- _TASK DIRECTIONS_: Once you have found the line with "Isco tackling Luis" in the records below, retype it and every line after it to the end exactly, with no pictures and nothing more.

- _INPUT MATERIAL_:
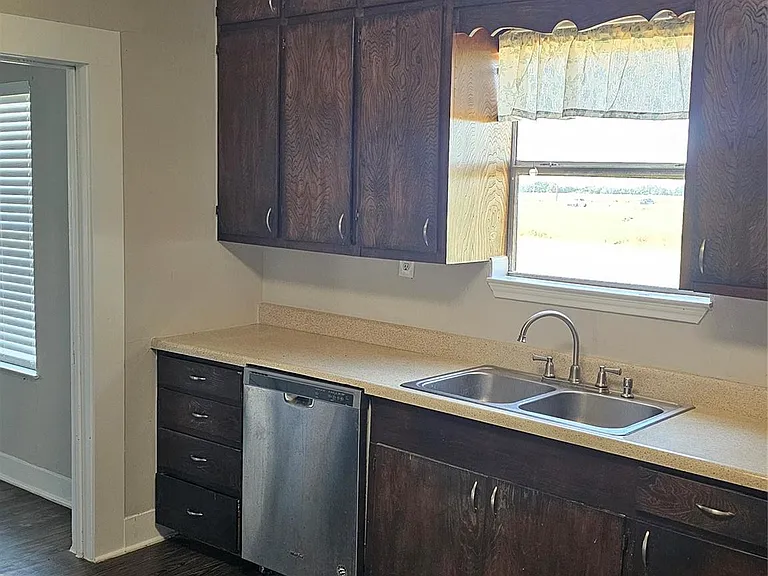 5081 FM 973 — Photo 24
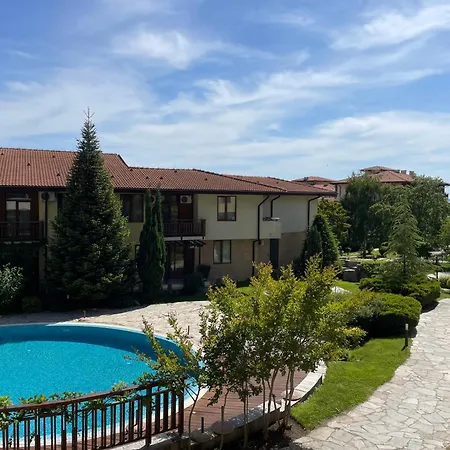 Garden Of Eden, Maria Apartments, Daire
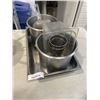 Image 5 : STAINLESS FOOD PREP BINS AND DEEP FRYER POT
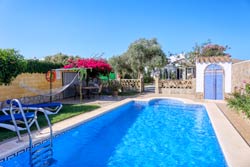 Alquiler de Chalet en Conil para 4 personas (max 4) Con piscina.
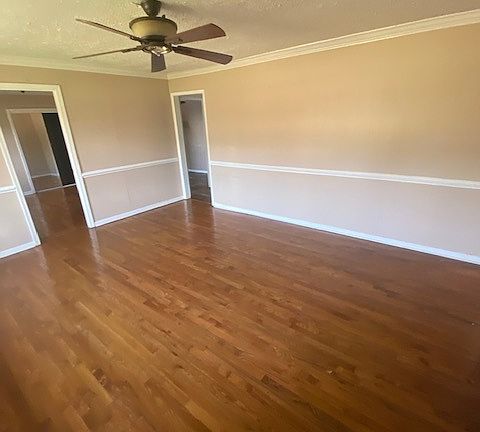 3rd image of 121 Sunset Dr NE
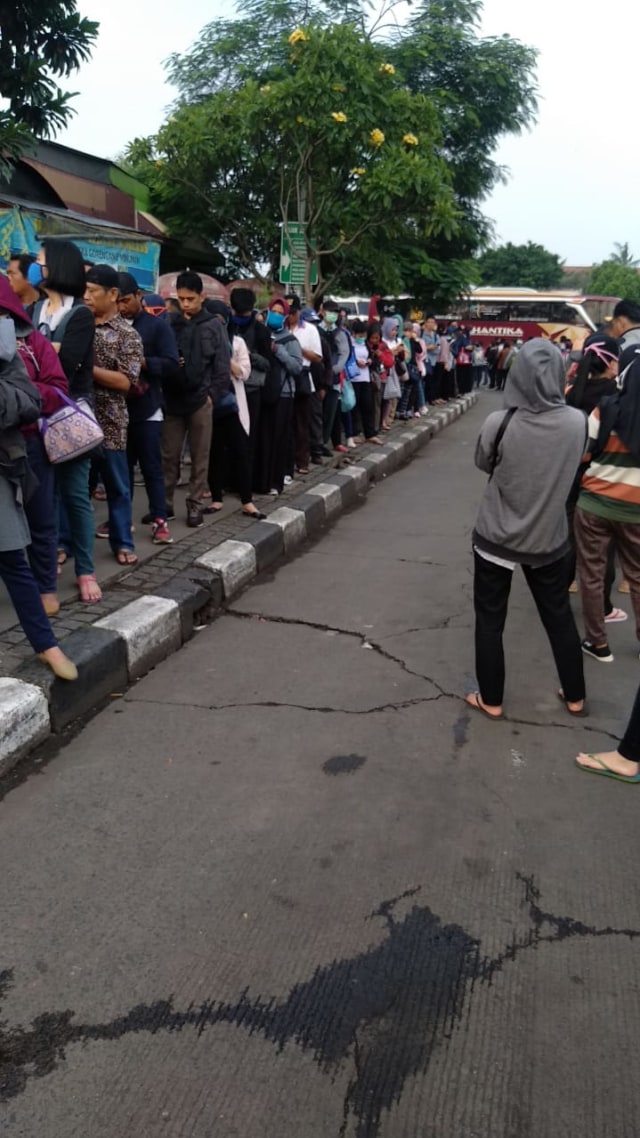 Antrean di Terminal Kalideres, Senin pagi (16/3). Dok: Hermon Julius untuk kumparan.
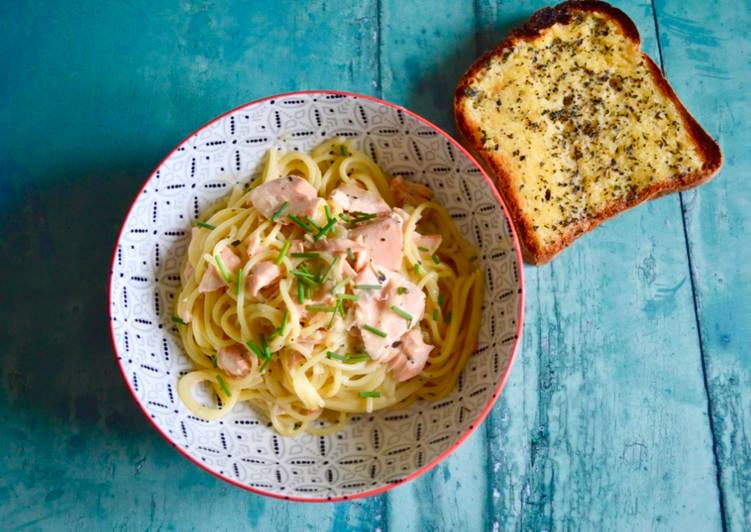 Steps to Prepare Homemade Salmon Linguine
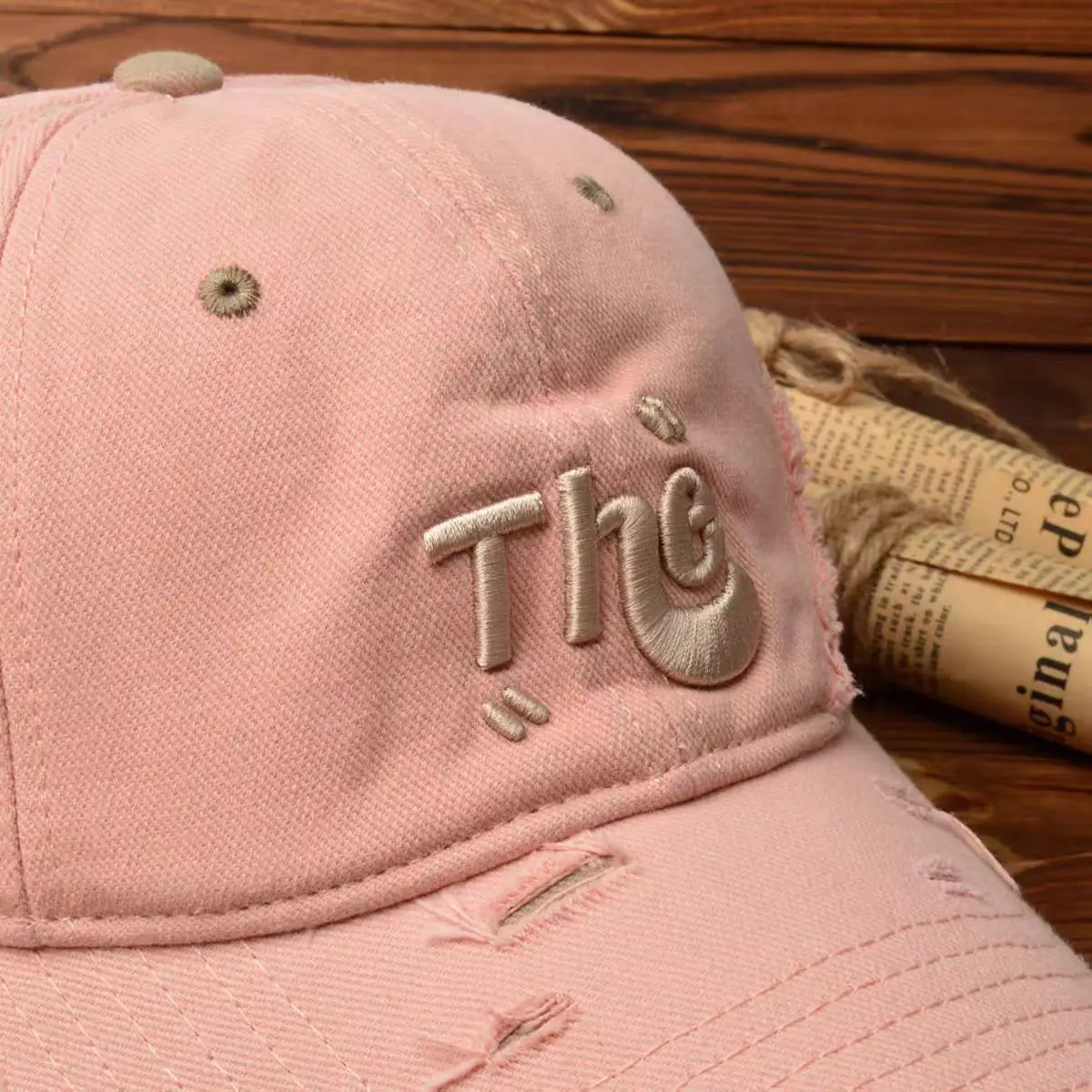 American Style Curved Brim Embroidered Letter Cap — feature 27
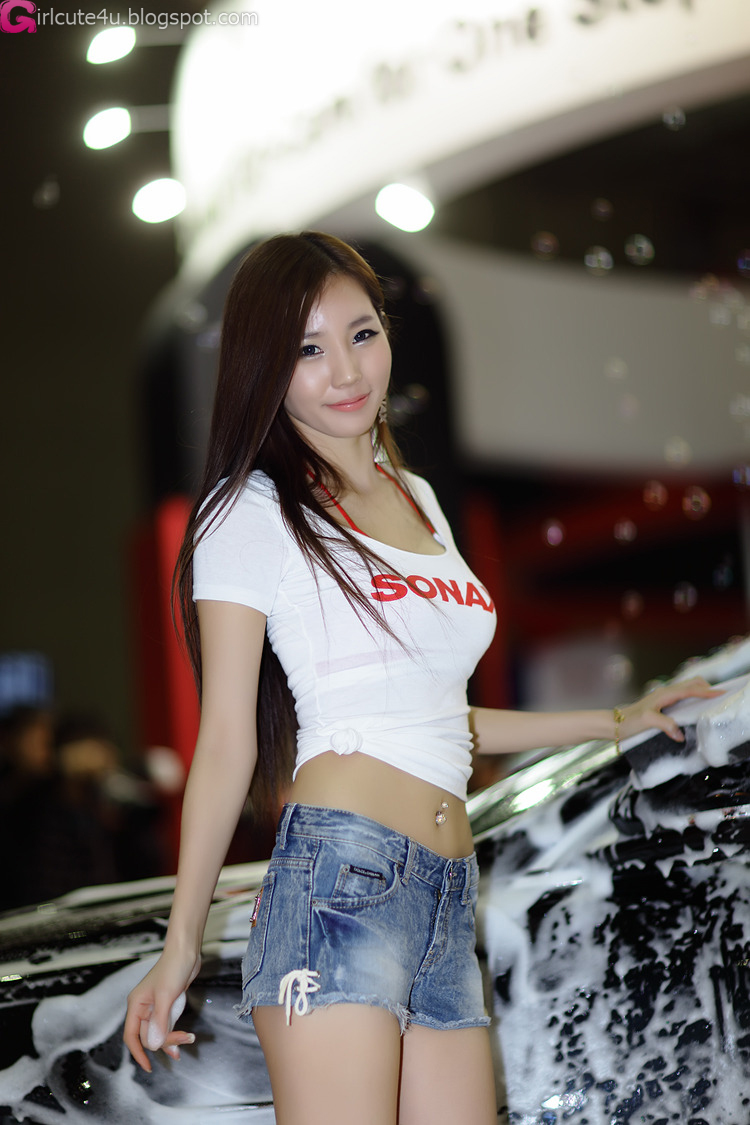 Xxx nude girls: Lee Ji Min - Automotive Week 2012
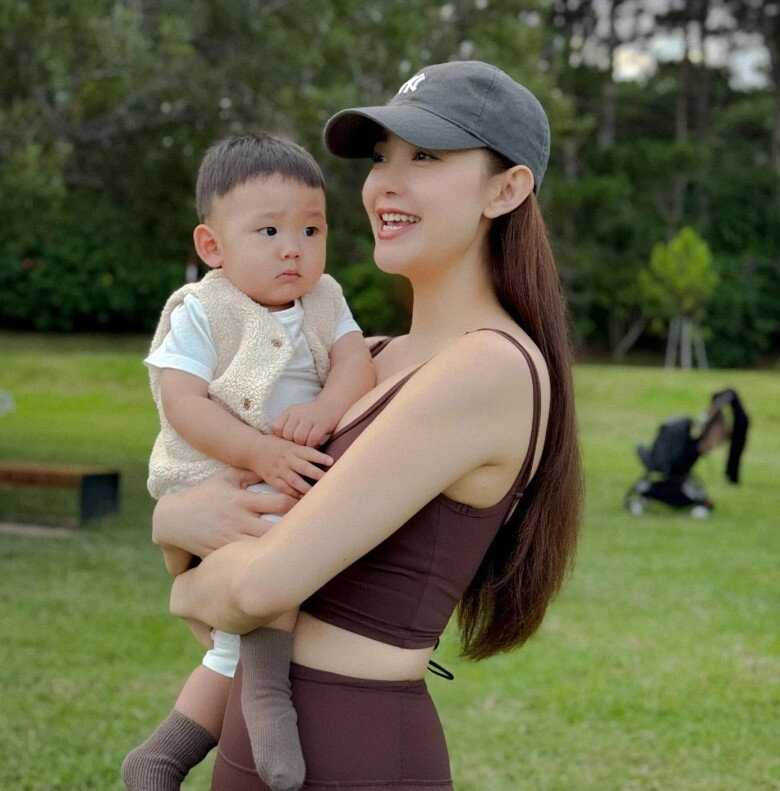 Mới 1 tuổi con trai minh hằng đã biết ke đầu nhảy hiphop nhìn là biết quý tử học từ mẹ ca sĩ - 3
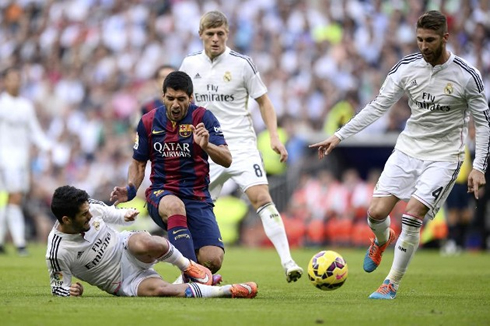 Isco tackling Luis Suárez in El Clasico Real Madrid vs Barcelona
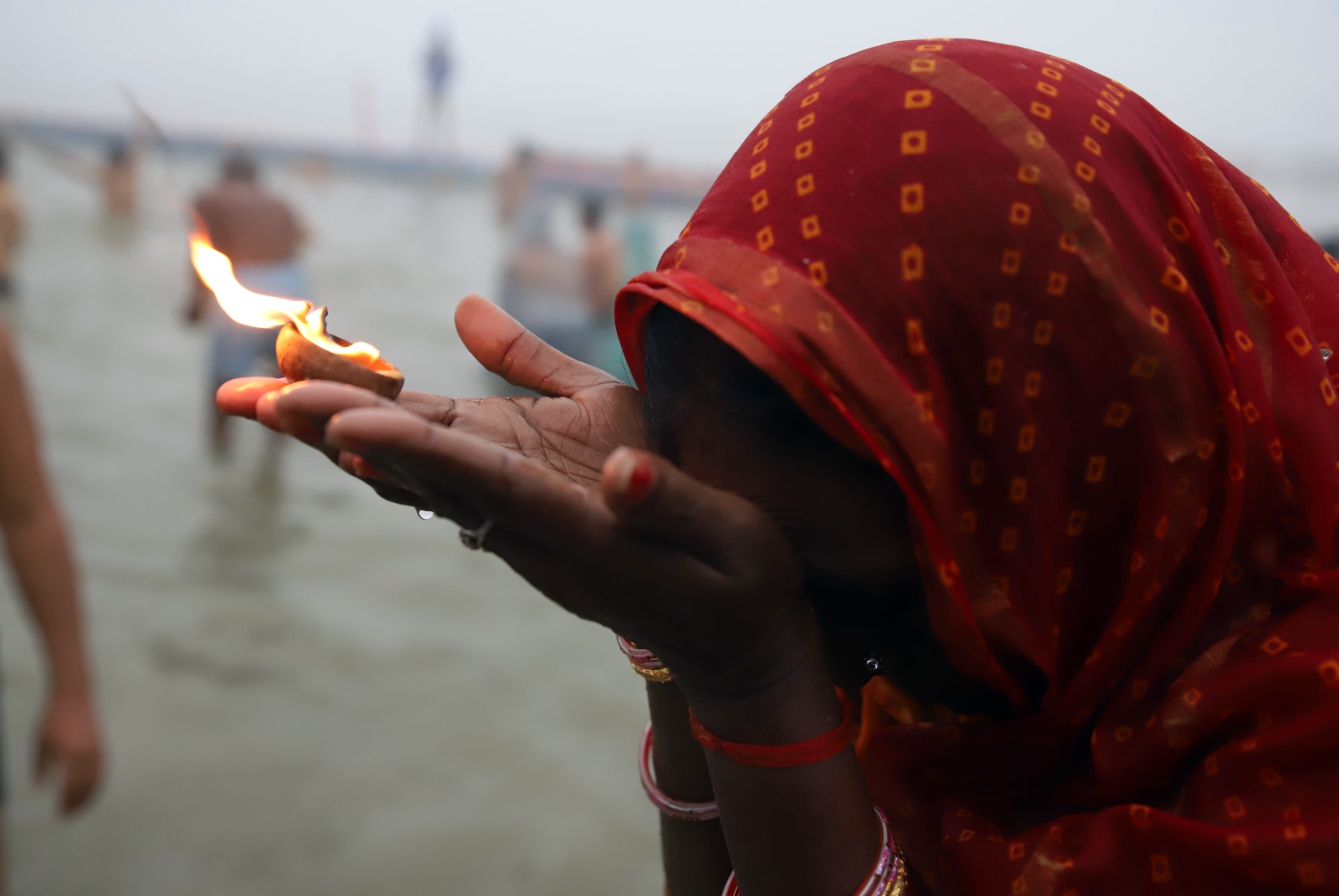  महाकुम्भ में पौष पूर्णिमा के स्नान के साथ कल्पवास की शुरुआत
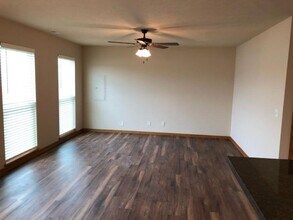 8775 Ridge Hollow Dr in Lincoln, NE - Building Photo - Building Photo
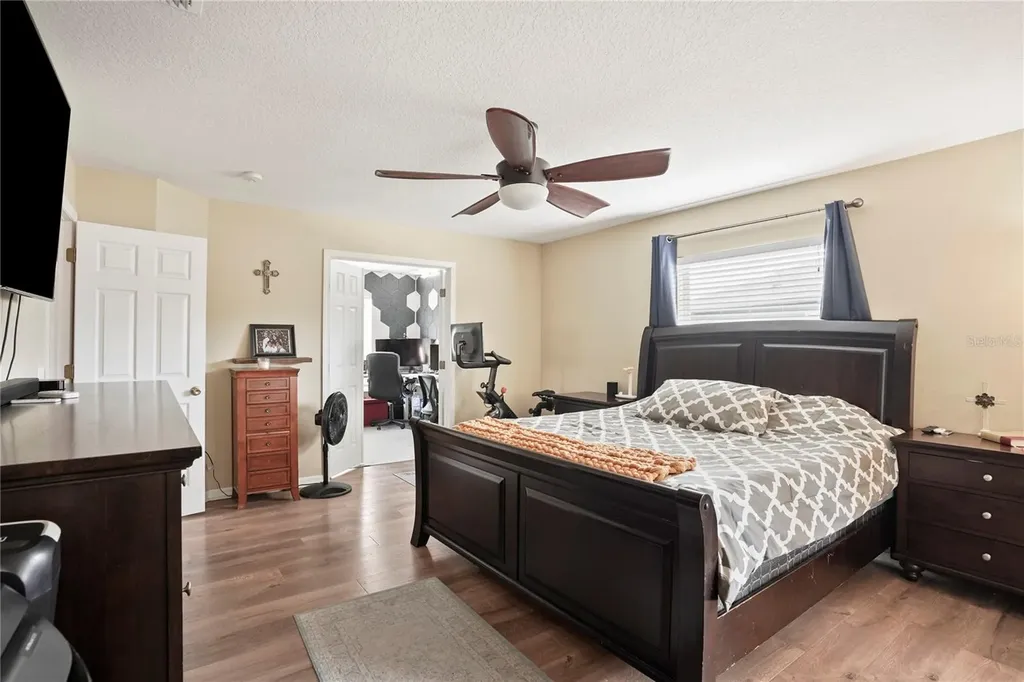 6019 Cape Loop Land O Lakes FL 34639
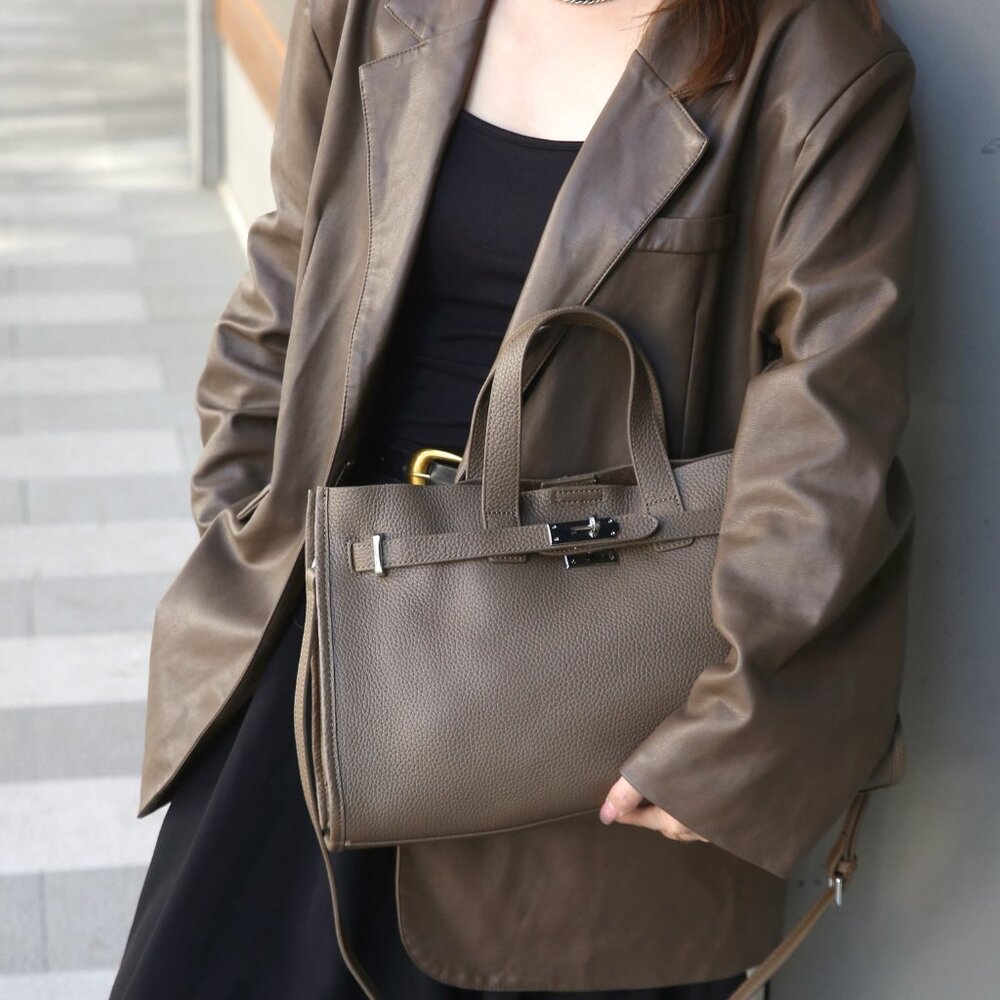 Urban Luxe — Genuine Leather Power Tote. Women’s shoulder bag - Picture 2 of 16
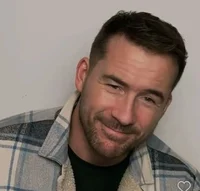 Barry Sloane 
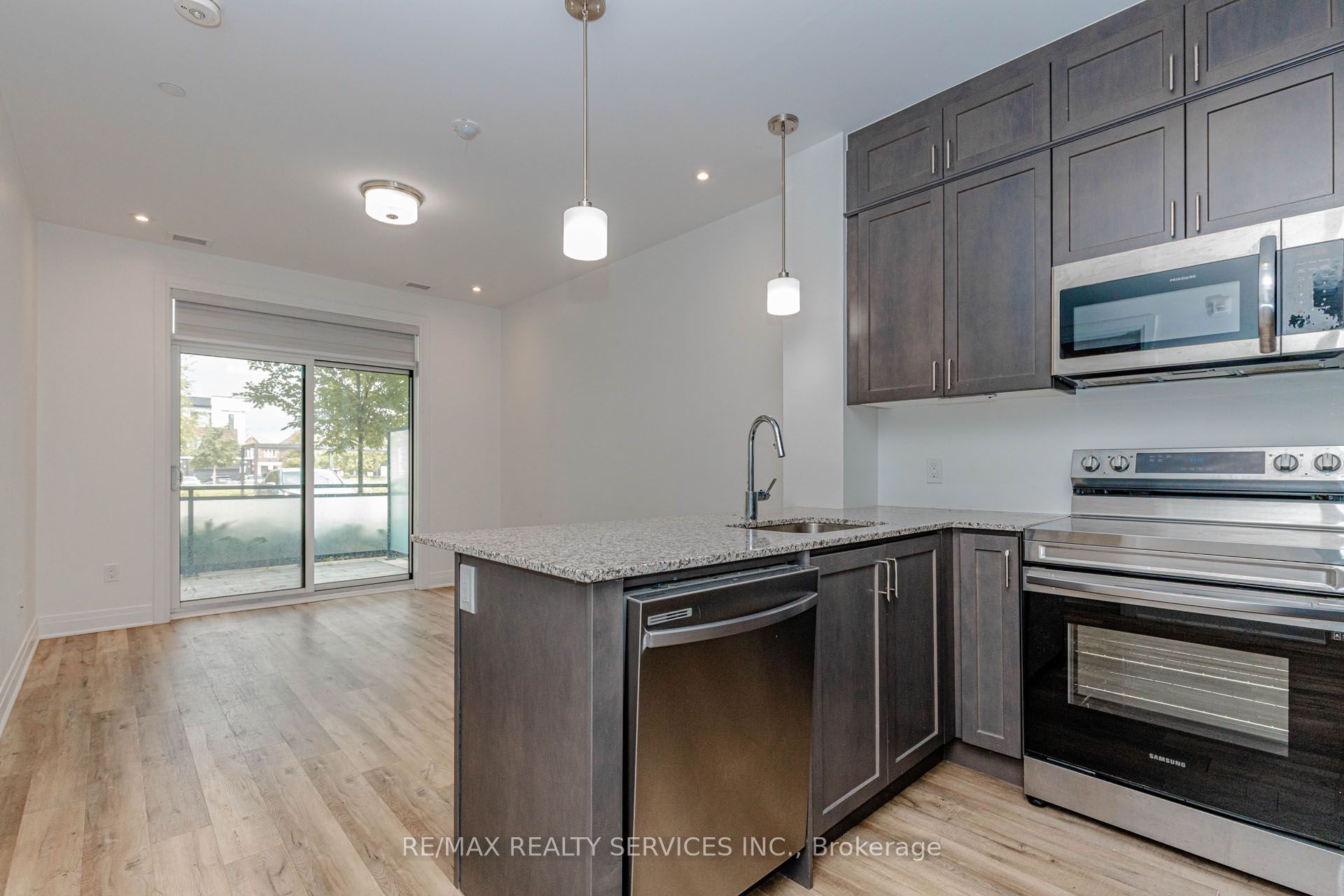 95 Dundas Street W 101 Property Photo 18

- _SOLUTION BELOW_:
 Isco tackling Luis Suárez in El Clasico Real Madrid vs Barcelona
  महाकुम्भ में पौष पूर्णिमा के स्नान के साथ कल्पवास की शुरुआत
 8775 Ridge Hollow Dr in Lincoln, NE - Building Photo - Building Photo
 6019 Cape Loop Land O Lakes FL 34639
 Urban Luxe — Genuine Leather Power Tote. Women’s shoulder bag - Picture 2 of 16
 Barry Sloane 
 95 Dundas Street W 101 Property Photo 18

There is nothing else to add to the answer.